Primary Open Angle Glaucoma is an irreversible and incurable visual impairment that gradually inflicts vision deterioration, leading to blindness over time. Currently, ophthalmologists use visual field tests from the Humphrey Field Analyzer machine to detect signs of glaucoma and monitor the degree of vision loss. A newer technology, the OCTA machine which captures vessel density, can also be used as an indicator of glaucoma-- smaller vessel densities implicating less ocular blood flow and hence deteriorating vision. My research compared visual field tests to OCTA images over the span of 12 - 16 months in non-glaucomatous and glaucomatous eyes. My findings revealed that the OCTA machine detected glaucoma at earlier stages before the traditional Humphrey Field Analyzer machine, meaning that the OCTA machine is capable of earlier glaucoma detection. This is vital for glaucoma patients: earlier glaucoma detection means treatment to slow vision loss can be administered earlier, and a greater magnitude of vision can be saved.

Deeper Dive

My passion for ophthalmology started when I was 7 years old-- one of my very close family members told me that he was diagnosed with Retinitis Pigmentosa, an irreversible and untreatable visual impairment. I was heartbroken that my role model could barely see my face and would soon be able to see nothing at all. As my family member’s confidence was crumbling as fast as his condition was deteriorating, I was determined to learn more about his visual impairment and potential treatments for the future. During this process, I realized I was very passionate about ophthalmology, specifically its research, and was interested in pursuing it as a career.

So, in the summer of 2020, I reached out to Professor Grace Richter at USC’s Keck School of Medicine, eager to get involved in her ophthalmologic research of visual impairments. Throughout the summer, I worked as part of Professor Richter’s team, learning more about glaucomatous fundamentals and the Optical Coherence Tomography Angiography (OCTA) machine as a co-author on her research paper. Then a month later, my family member was diagnosed with glaucoma, a second irreversible visual impairment, and got visual field tests done by his ophthalmologist. Curious to understand more about his visual loss and how it was assessed in visual field tests, I independently researched the logistics behind visual tests taken by the Humphrey Field Analyzer. As I entered my junior year, I started taking the selective AP Research course at my high school.
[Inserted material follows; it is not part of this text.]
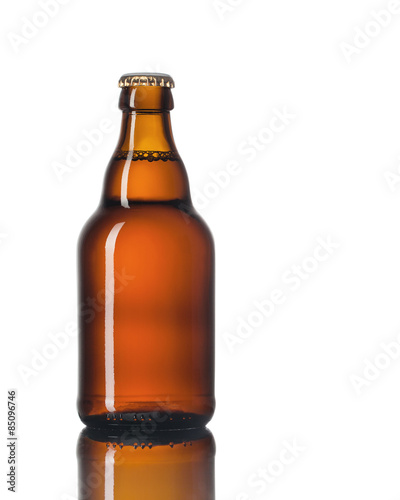 Glass bottle of beer on a white background.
For my AP Research research paper, I decided to investigate a combination of my experiences at USC and my newly acquired knowledge of visual tests. I was interested in comparing two different means of glaucoma detection with each other, the OCTA machine and Humphrey Field Analyzer, to investigate the potential of early glaucoma detection, and hence earlier administrable treatment. As a high school researcher, I faced many challenges. Many regulations restricted my access to only deidentified patient data. For this reason, new data could not be morally and independently collected. So, I utilized databases instead. I only had 23 eyes in the non-glaucomatous group and 24 in the glaucomatous group. Having a larger number of patients would have been more ideal, as it would have increased the power of my t-test. This would have improved the accuracy of the averages and p-values presented in the results section, hence providing stronger evidence of whether a certain machine was statistically significant in terms of visual deterioration. In other words, it is possible that if I was able to increase my cohort size to 100 patients, the p-value could have changed. In the future, I hope to reach out to other universities and access their databases to add to my research dataset. Ultimately, however, the strict exclusion factors enacted allowed my research to be more representative of glaucomatous cases and hence produced more accurate p-values than the larger original dataset.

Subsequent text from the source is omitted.